A l’heure de se coucher, Quentin imite le loup depuis notre tente. Il reçoit en retour de la part d’Adrien un magistral « Ta gueule, ducon !« . Fou rire général.
Les canyons d’Alamut et Evan Lake
9h du matin, nous sommes au pied du château des assassins à l’entrée de Gâzor Khân. Notre taxi n’est pas là. 1h30 plus tard notre homme se pointe ! Il se fend en excuses : nous nous étions mal compris et il était parti nous attendre ailleurs. Il parle très bien anglais, et se vante d’être LA référence en termes de chauffeur dont il faut absolument louer les services dans la vallée d’Alamut. Il a même un carnet dans lequel chacun de ses clients laisse un mot dans sa langue natale et en anglais ! Il nous emmènera visiter une vallée voisine ouverte par une série de canyon béants. Il y a deux jours, il a déposé 3 allemands ici qui sont partis plusieurs jours en randonnée ! C’est vrai que ça a de la gueule… On prendrait bien nous aussi quelques jours par ici !

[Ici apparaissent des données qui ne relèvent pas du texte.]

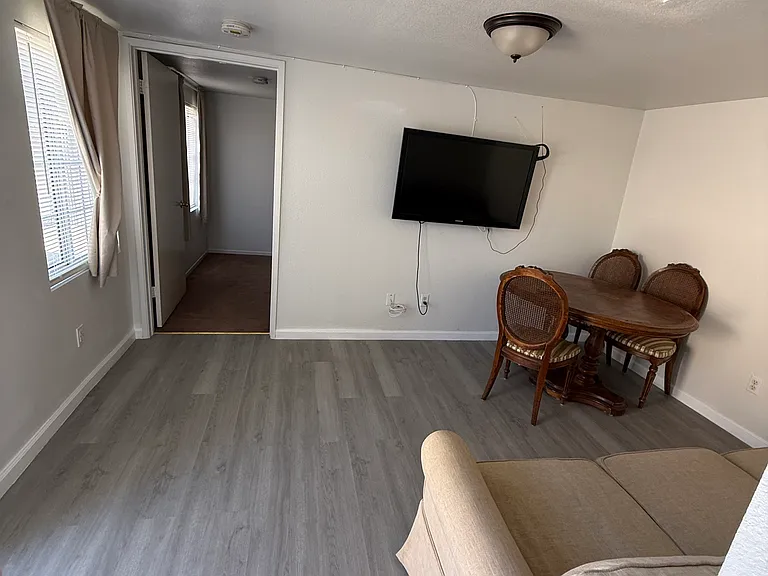 729 El Centro Ave — Photo 10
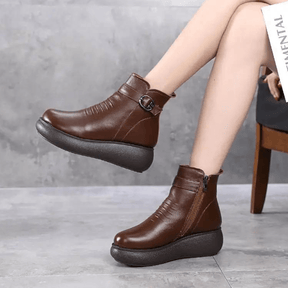 Bota Feminina de Couro Impermeável Bessie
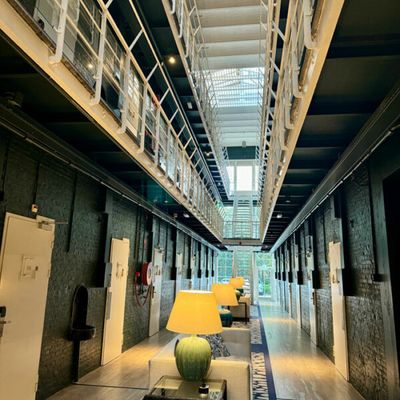 Treppenhaus-neu-ehemaliges-Gefaegnis-The-Fallon-Alkmaar Foto: © Andrea Fischer, Trips4Kids.de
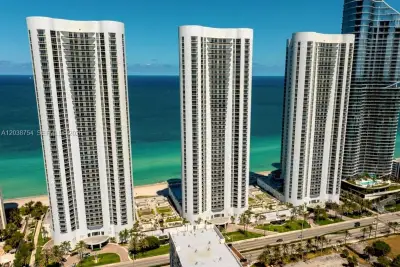 15811 Collins Ave #3607, Sunny Isles Beach: photo 1 of 26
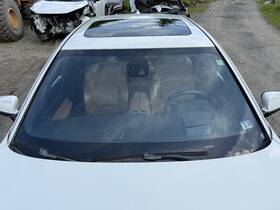 51317192782 Bmw 2009-2012 750i Windshield Glass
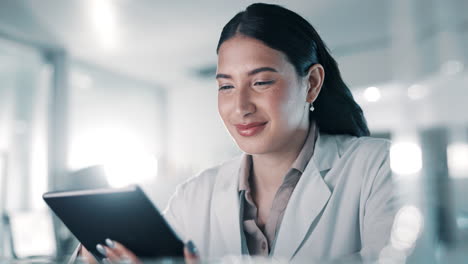 Tablet,-Frau-Oder-Wissenschaftler-Im-Labor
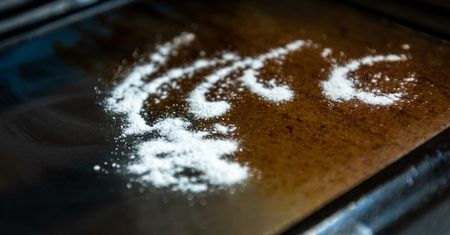 Kosztuje mniej niż 2 złote i jest niezbędna w każdej kuchni. Posyp szybę piekarnika, a brud sam się rozpuści
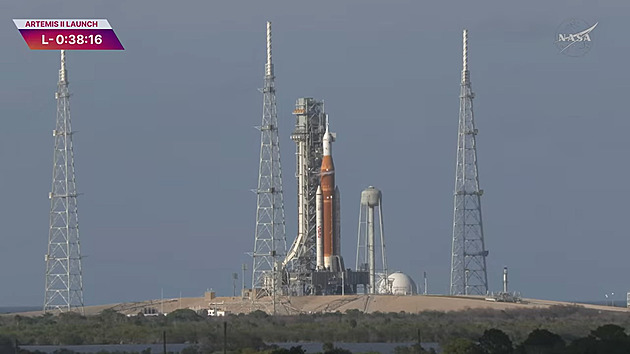 Desítky minut dělí astronauty před odletem k Měsíci, řeší se baterie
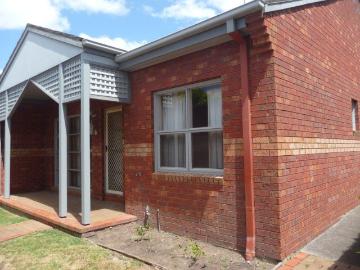 Newtown Unit for Sale: 2BR, Outdoor Area, Garage, & Modern Comfort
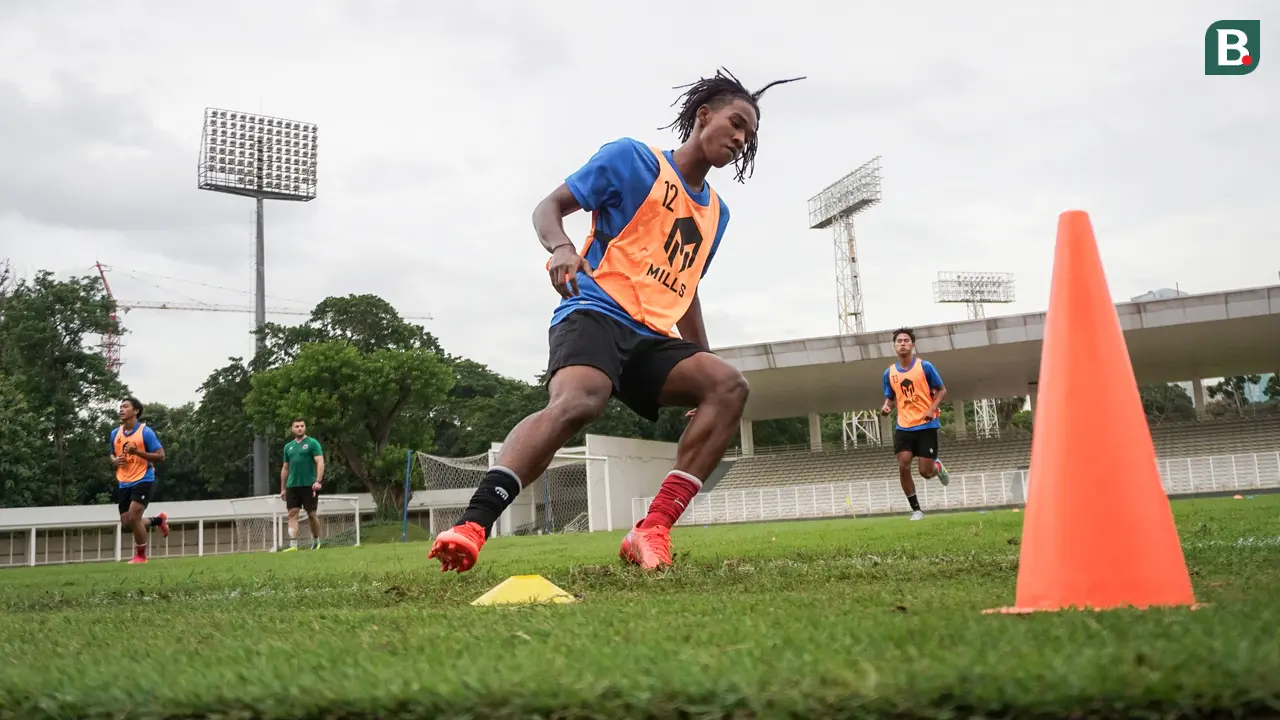Foto: Shin Tae-yong Buka Hari Pertama TC Timnas Indonesia U-19 dengan Latihan Fisik, Disambangi Juga oleh Ketum PSSI dan Kemenpora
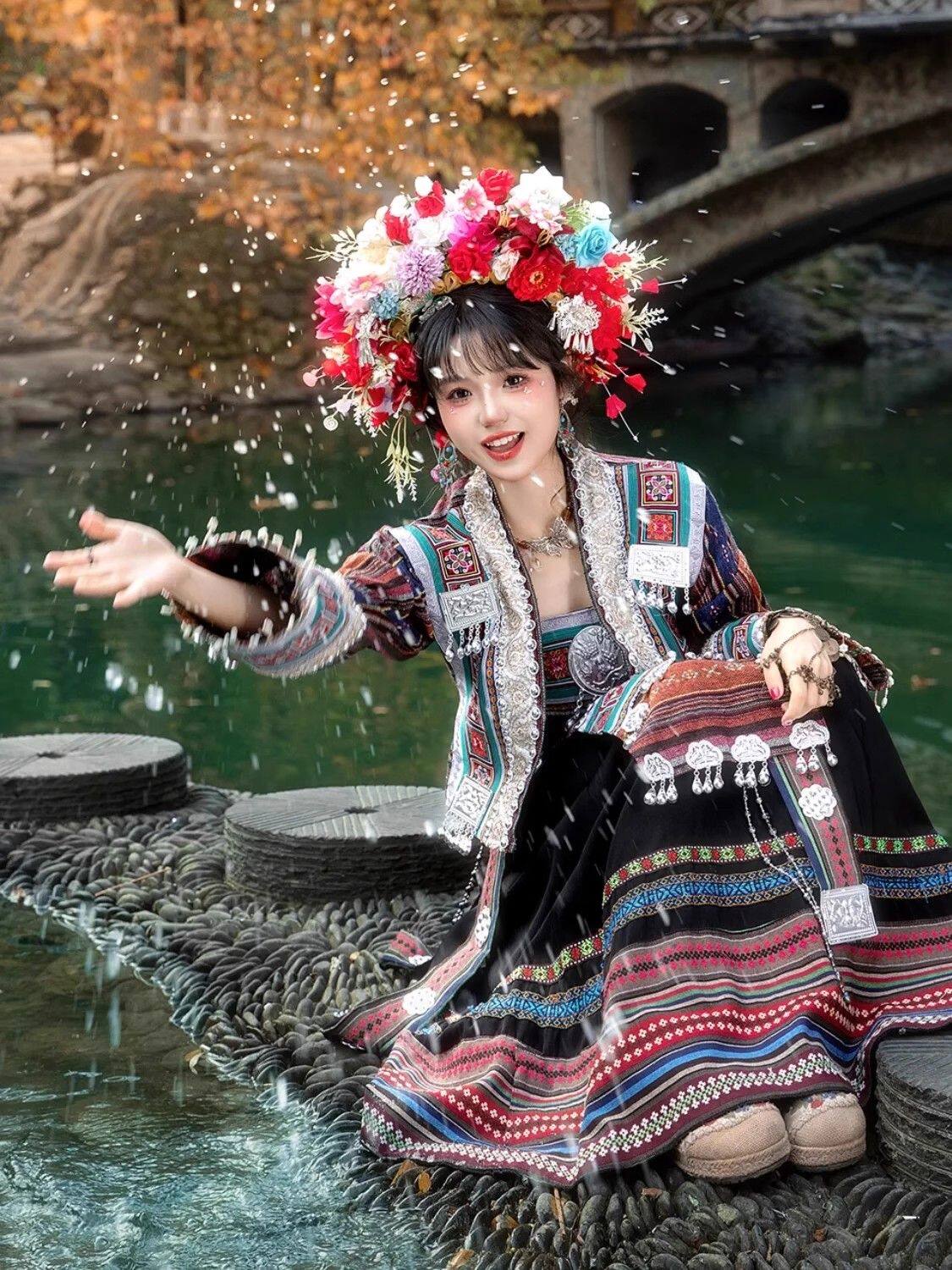 云南民族风女装苗族服装女土家族服饰少数民族舞蹈演出服旅拍写真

Enfin, notre pilote tient absolument à nous emmener manger un kebab à Evan Lake. C’est ici qu’il est né et qu’il a grandi ! Evan Lake est un grand lac bleu dans lequel se reflètent des sommets à plus de 4000m ! Les iraniens ont aménagé une petite base de loisir sur les berges, et du village partent d’autres randonnées grimpant vers les neiges éternelles ! Tiens, il faudrait aussi prendre quelques jours de plus pour aller crapahuter par là-haut ! Mais nous n’avons pas le temps, nous devons rejoindre notre amie Maryam à Rasht le soir même. Nous nous promettons de revenir, il y a tant de beautés à voir dans ces vallée enchanteresses…
Infos pratiques :
- Le bus pour Qazvin part du terminal ouest de Téhéran, non loin de la tour Azadi. Il y a un bus toutes les 30mn. Le voyage coûte 80 000 Rials (en 2017) et dure entre 2 et 3 heures selon le trafic voir plus. Il vous déposera juste à l’entrée de Qazvin près d’un grand rond-point avec un monument au milieu. Sur le côté du rond point se trouve une station de taxis prêt à vous emmener directement vers la vallée d’Alamut.
- Il est également possible de prendre un train jusqu’à Qazvin, mais nous n’avons pas utilisé cette option. Vous trouverez toutes les informations (en anglais) sur ce site.
- A Qazvin, pour vous rendre dans la vallée d’Alamut, l’option la plus répandue est celle du taxi. Mais cela à un coût élevé : comptez environ 50€. Comptez un petit extra pour vous rendre en plus aux canyons et à Evan Lake.
Le chauffeur qui nous a ramené de là-haut, qui parle anglais et qui connait bien le coin, est M. Mirzaiy. Son téléphone en 2017 était : 09191871997. - Il semble qu’il y ait un bus local qui puisse vos emmener à Gâzor Khân, mais les locaux ne sont pas très enclins à vous donner l’information. Nous n’avons nous même d’ailleurs pas plus d’informations à ce sujet.